David Ding
I'm a NSF postdoc at UC Berkeley (+Dave Savage) creating commercially viable solutions to climate change.
How I got here: Systems Biology PhD at MIT/Harvard (+Mike Laub and Debbie Marks), Biochemistry & Functional Genomics at Oxford University, born in Austria and raised by scrappy Chinese immigrants.
Scaling biology for a biosynthetic future
1) ML-designed enzymes for material production at scale with predictable economics.
With the billions & billions of actual and soon to exist enzymes, why isn't everything made using biology? Learning from the early attempts of bio-fuels and materials, I create bespoke high-throughput datasets to power machine learning and process design efforts to enable a sustainable future.
For example, together with members of the Debora Marks, Jill Banfield and David Baker lab, I work on engineering carbonic anhydrase for industrial conditions, such as direct air capture and our built environment.
2) Discovering molecular tools from extremophiles.
There are certain paradigms of how life works, but we really only know about normal conditions. How is a whole proteome rewired to adapt to life at 100C or possibly even 250C? I believe we've only scratched the surface of the paradigm shifts and molecular tools, and are mining these organisms with Jill Banfield.
3) Gene editing for next generation sustainable crops.
Agriculture has scale, but with breeding we're only slowly inching our way towards possible photosynthetic efficiencies. We produce high-throughput data to realize the potential of gene editing for a sustainable future using timely crop improvements.
Past Research
You don't need $$$ and billions of parameters to model protein evolution.
I discovered that simple regression models can fit and predict in some cases almost perfectly which mutations are tolerated next.

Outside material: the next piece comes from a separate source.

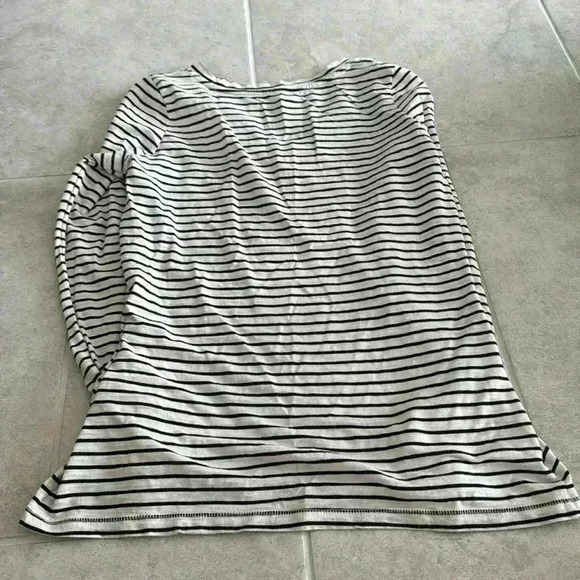 V-neck Long Sleeve Striped Shirt - Picture 2 of 3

This also enabled us to use equivariant graph convolutional neural networks to learn mutational preferences and make predictions just from the surrounding context of a protein site. paper, talk.

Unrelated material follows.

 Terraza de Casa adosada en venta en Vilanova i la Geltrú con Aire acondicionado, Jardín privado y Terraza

What makes biological systems evolvable?
Unlike man-made systems, biological systems have a profound ability to evolve, ie. generate functional novelty. But how does random recombination and mutation produce living and completely new offspring? In grad school, I developed systematic assays and Bayesian inference models to map and predict how proteins can do this. paper, news&views.
What does the 95% of noncoding human genome do?
When I studied biochemistry at Oxford, it was clear that the future would not be in individual, pain-staking measurements, but systematic ones offered by genomic technologies. I ended up building analysis pipelines for understanding the disease contribution of the non-coding human genome. paper.
Other interests
What's the future of knowledge work?
Decision making is computation on what surfaces from the subconscious. But how do you load the right, but very limited information? I'm exploring options to tap into not just personal but the sea of the world's knowledge, and enable conscious control over what is loaded.
Unconventional approaches to changing minds about sustainability: Veganali
Other: I love having the limits of my expectations blown also outside of research, whether during Muay Thai, surfing, half ironmans, or being a dad.